La dispersione delle strutture UE non riguarda solo la capitale alsaziana ma anche Lussemburgo, dove ha sede il segretariato del parlamento con oltre duemila dipendenti. Attualmente a Strasburgo si svolgono cicli di sessioni plenarie ordinarie di quattro giorni, mentre il lavoro delle commissioni, le sedute straordinarie e le sedi dei gruppi sono a Bruxelles.
McMillan-Scott ci si è messo seriamente e ha insediato un gruppo di lavoro ad hoc. Secondo il rapporto presentato la scorsa settimana rinunciare al pendolarismo Bruxelles-Strasburgo permetterebbe un rissparmio annuo di 180 milioni di Euro e l'eliminazione di 317 posti di lavoro nello staff del parlamento. Sotto il profilo ambientale la spola tra le due sedi produce 19.000 tonnellate di CO2 l'anno, pari al consumo medio di 4.500 famiglie.
Al di là dei vantaggi collettivi i parlamentari lamentano anche i disagi personali, come l'obbligo di dormire in hotel e cenare al ristorante (quasi tutti a Bruxelles hanno preso casa). Anche la logistica non è semplice, visto che solo sei delle 27 capitali europee hanno voli diretti per Strasburgo. I funzionari invece lamentano lo sciacallaggio degli hotel, che nei giorni di sessione del parlamento chiedono più del doppio del prezzo normale di una camera e li costringono ad aggiungere di tasca propria, visto che il tetto dei rimborsi è di 150€/notte. Non a caso negli ambienti europei la città alsaziana si è meritata il nome di Stressburgo.

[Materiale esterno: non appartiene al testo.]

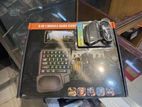 5 in 1 Gaming Combo Latest Controller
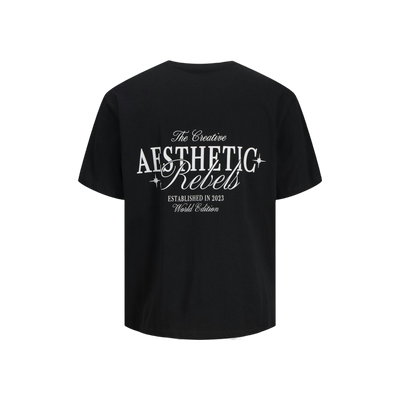 Jrebrock Ss Tee Crew Neck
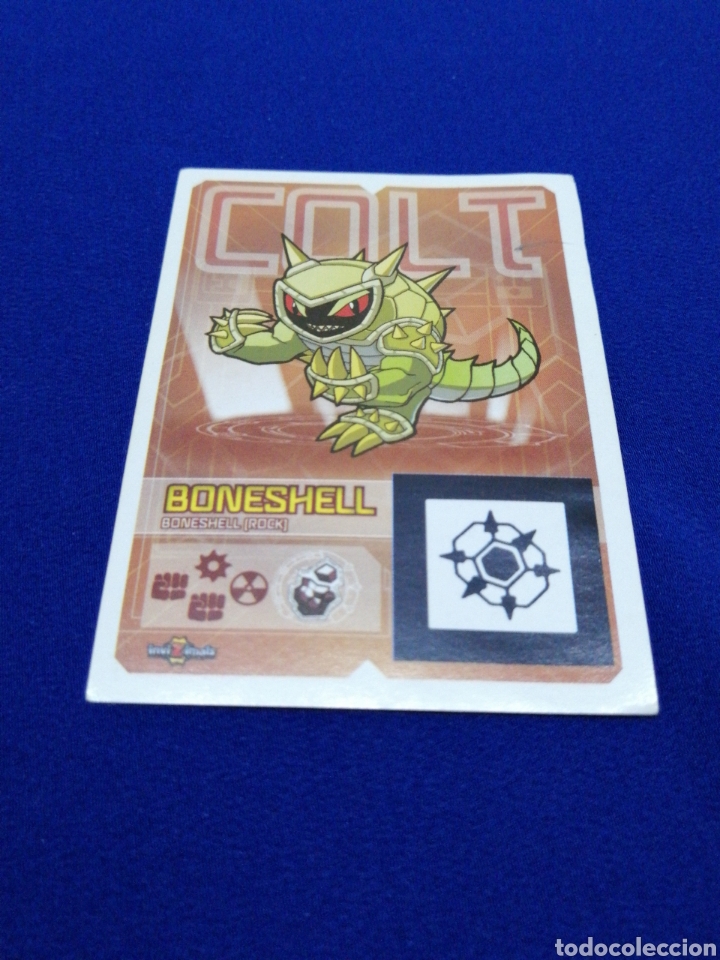 Coleccionismo cromos antiguos: INVIZIMALS - Foto 1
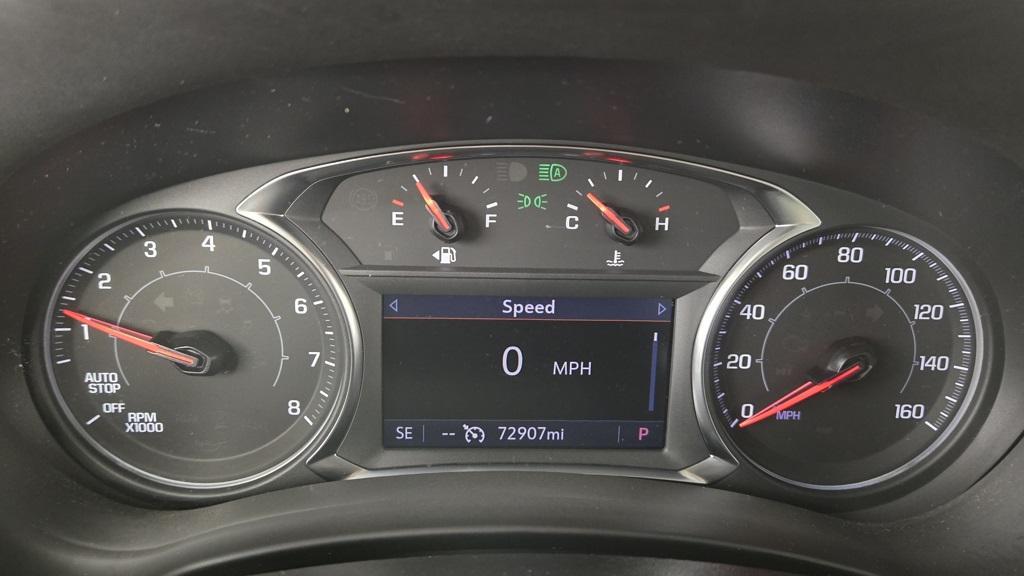 used 2023 GMC Terrain car, priced at $20,298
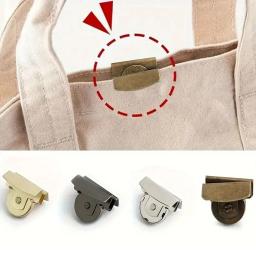 Fivela magnética Snap Clip Fixadores, Fechos de metal, botões, bolsa, bolsa, carteira, artesanato, sacos, peças, fechamento, borda, 5 conjuntos - Image 3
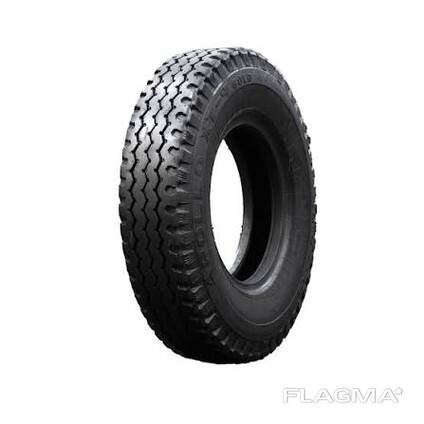 Heavy-duty car tyres
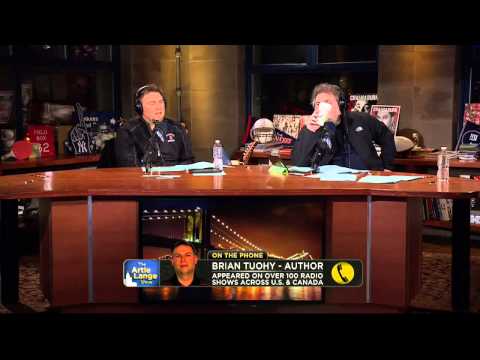 The Artie Lange Show - Brian Tuohy (phone) Part 1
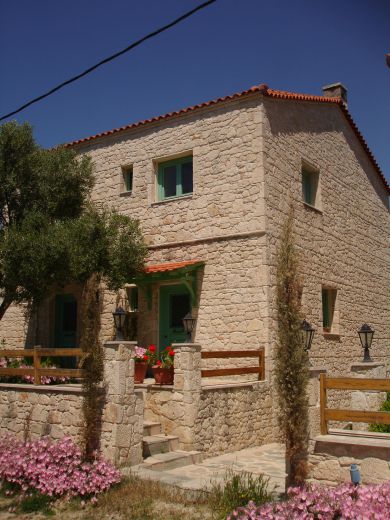 Квартира на Кассандре, Греция, 90 м2 - фото 1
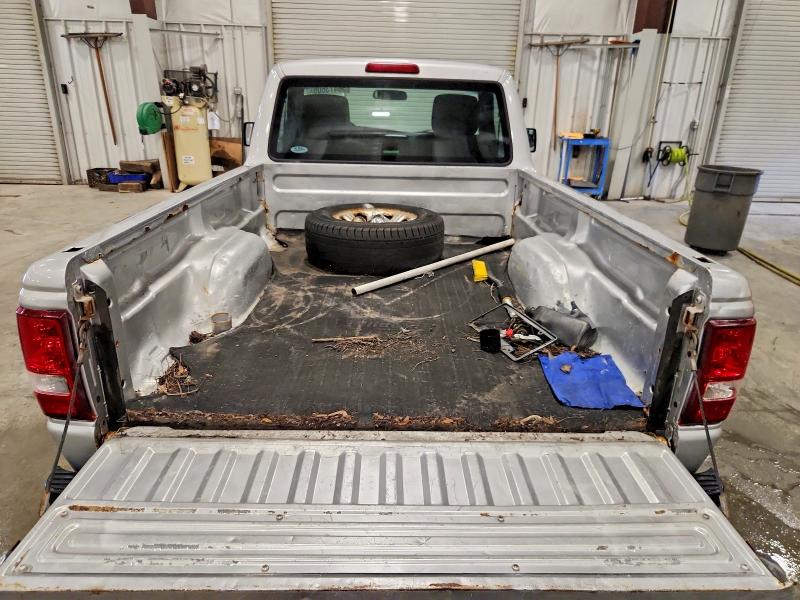 2010 Ford Ranger მანქანა იყიდება აუქციონზე, vin: 1FTKR1AD4APA31010, აუქციონის ნომერი: 58473606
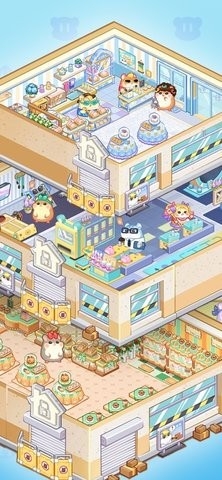 鼠鼠商业街(TinyPaws)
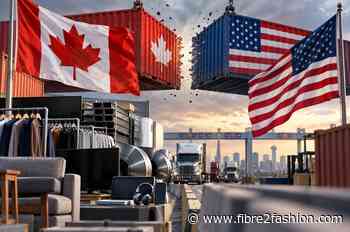 Canada applies 15-50% tariffs on US clothing, goods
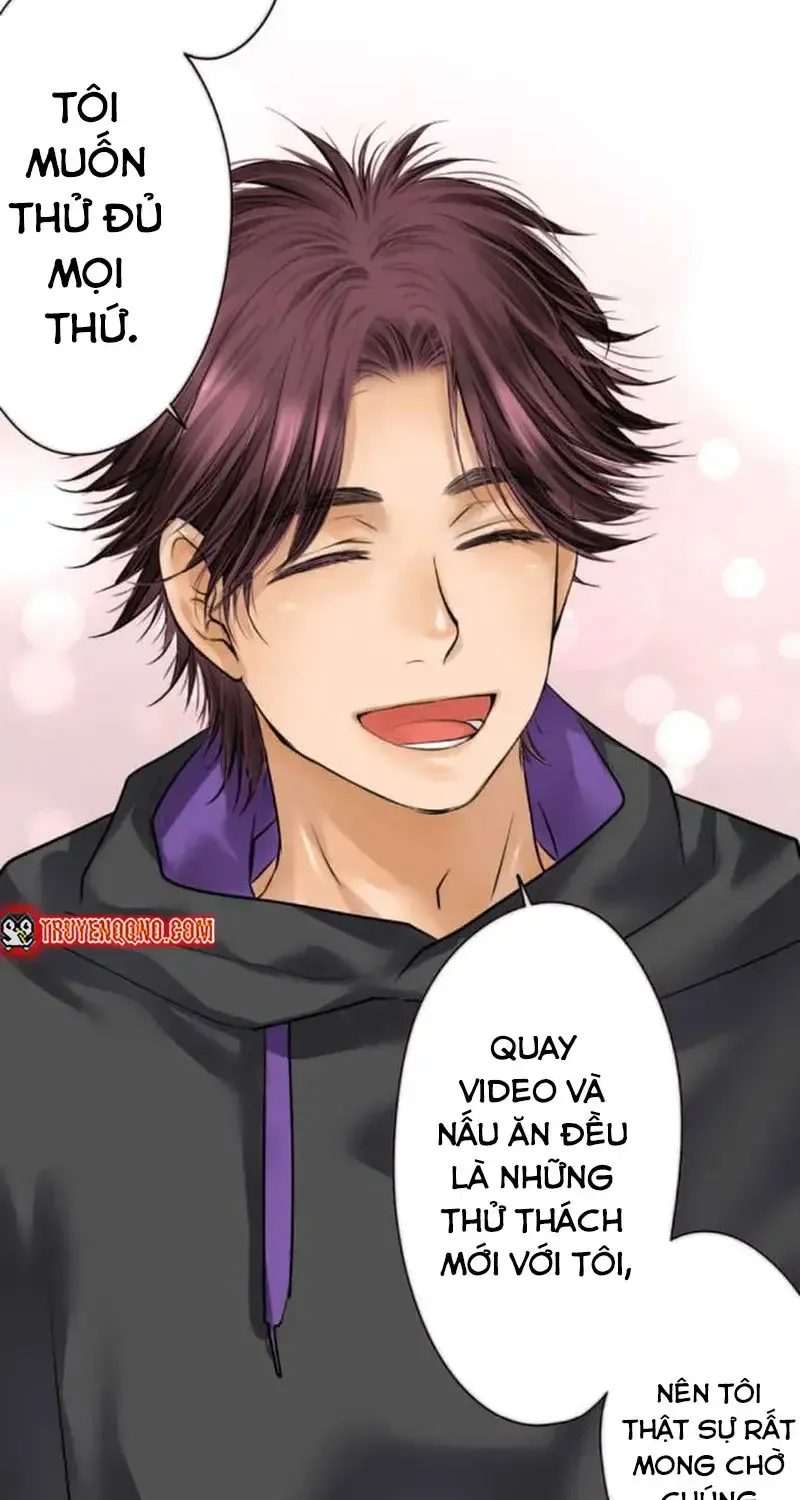 Dan-Chan Muốn Chụp Ảnh Đồ Ăn Chapter 3 - Trang 26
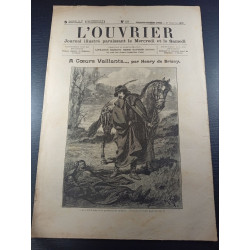 L'ouvrier n°69 - 1912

La questione della doppia sede del parlamento europeo è sollevata periodicamente da tempo. C'è anche una petizione on line che ha già raccolto più di un milione di firme. Ma vecchie eredità politiche rendono piuttosto complessa la situazione. Il giorno successivo all'iniziativa di McMillan-Scott il ministero degli esteri francese ha diffuso una nota scritta in cui si ribadisce con durezza che le scelte delle sedi delle istituzioni europee "non sono affari dei parlamentari" ma fanno parte degli impegni sottoscritti dai governi nei trattati dell'Unione. La nota aggiunge che il rapporto presentato è "sorprendente" e "sgradevole". A posto.